Real estate investments are one of the most surefire ways of growing one’s money – whether it’s about earning a little more right now or building a fortune for the future. Investing in real estate generally requires a lot of money, with most properties requiring at least a 25% down payment. But this can be rather expensive for beginners, leading to barriers in people’s investment journeys. Fortunately, there are several ways to side-step this issue.
Ways to invest in real estate with no money
This may sound bizarre to traditional investors, but there are ways to invest in real estate without investing one’s own money. To clarify, it isn’t possible to invest with no money at all, but there are plenty of opportunities to invest with minimal or no capital of one’s own.
House-hacking
This is a strategy wherein one lives in one part of the house and rents out the other–either as a monthly/annual lease or for short stays. Not only does this help finance the mortgage payments for the investor, but also helps them get a realistic idea about the property as an investment.
This experience will also expose beginners to being a landlord, managing property and tenant issues, and taking on DIY projects. Since the property will remain owner-occupied, it is also likely to require a lower down payment. With an FHA loan, first-time buyers can get a home with just a 3.5% down payment, while the VA office may be able to help veterans buy homes with a zero down.
Fractions of real estate
It’s no secret that real estate investments tend to be massive. But they don’t always need to be. Instead of investing in the entire property, consider investing in a part, or a fraction of it. There are plenty of online apps and platforms that allow beginners to invest in fractional real estate, and generate a passive income of 5-8% per month, with an appreciation rate of 6-8%. Over time, this leads to a compounded return of 60-80% over 5 years, all without having to worry about a property loan.
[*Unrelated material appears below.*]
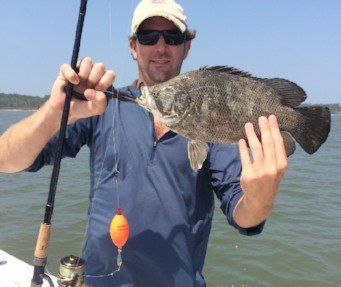 Man on a boat holding a dark fish he caught; fishing rod and bobber in view; sunny day.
Please note that some of these platforms may have a minimum investment requirement that could be offset with certain discounts, offers, or referral programs. So, it’s essential to check the details before putting in one’s money.
Duplex with FHA Loan
If house-hacking feels like an invasion of privacy, one can try to go down this route. By bringing an FHA loan into the picture, buyers are likely to qualify for a larger loan as they account for the added rental income in the future. While a larger down payment may be required to purchase the duplex initially, homeowners will end up paying less in monthly mortgage, helping them save their money.
To qualify for an FHA loan, some lenders may require buyers to have previous landlord experience, but this isn’t the case everywhere.
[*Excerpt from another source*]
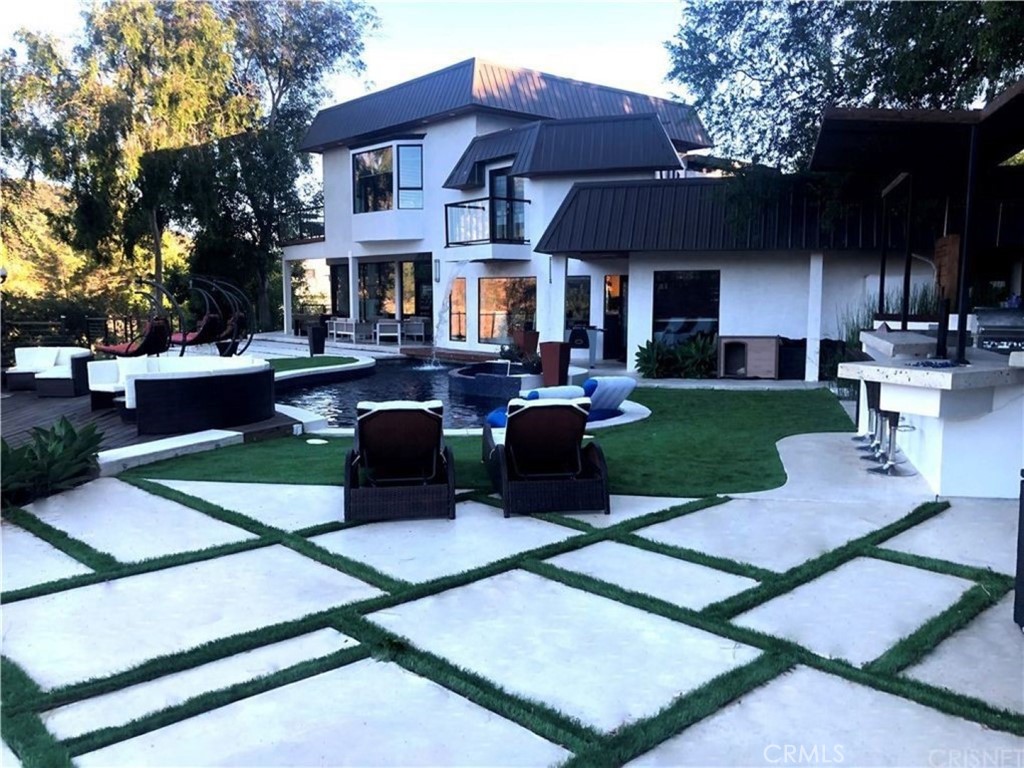 a front view of a house with garden and sitting area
Home equity line of credit (HELOC)
If one already has a home to their name, it may be a better idea to open a HELOC, wherein one can get access to a line of credit in exchange for equity in their property. This money can then be channeled into home improvement or to expand the living space, allowing owners to lease out the space to generate more income. The biggest advantage of opting for this option is that it has a lower interest rate in comparison to other property loans.
Real estate investment trusts (REITs)
This is one of the cheapest and quickest ways to invest in real estate, even for beginners who don’t want to spend too much of their money. REITs invest in real estate via property purchases or mortgage investments. Those looking to put their money in real estate buy stocks earmarked by their REIT of choice, which are then traded on the stock market.
REITs can be highly localized or focused on a certain type of real estate, which can give some investors an edge over others. That being said, this is a wonderful way of dipping one’s toes in the real estate game, building exposure to different types of real estate, and generating passive income.
Crowdfunded real estate
If the goal is to put money into a physical property, then crowdfunding may be a good idea. Here, several investors come together to invest small amounts of money and create a fund that goes towards the development of the property. This benefits both the investors and the developers.
While this may be a lucrative investment option, it is important to note that each crowdfunding platform has its own deals and regulations. That is why, one must carefully read the fine print before investing their hard-earned money in such programs.
Those with a little more money could invest in a real estate syndication instead, as these are only open to accredited investors. Here, many platforms give investors the chance to directly view investment opportunities, review, and compare them, to find one that best suits their investment style.
As a beginner, it is highly recommended to learn more about the market before deciding on an investment strategy. This can be done by reading books or listening to podcasts by other investors, and understanding the benefits and challenges that may arise in the future. This will help individuals make better investment decisions that are in line with their financial goals.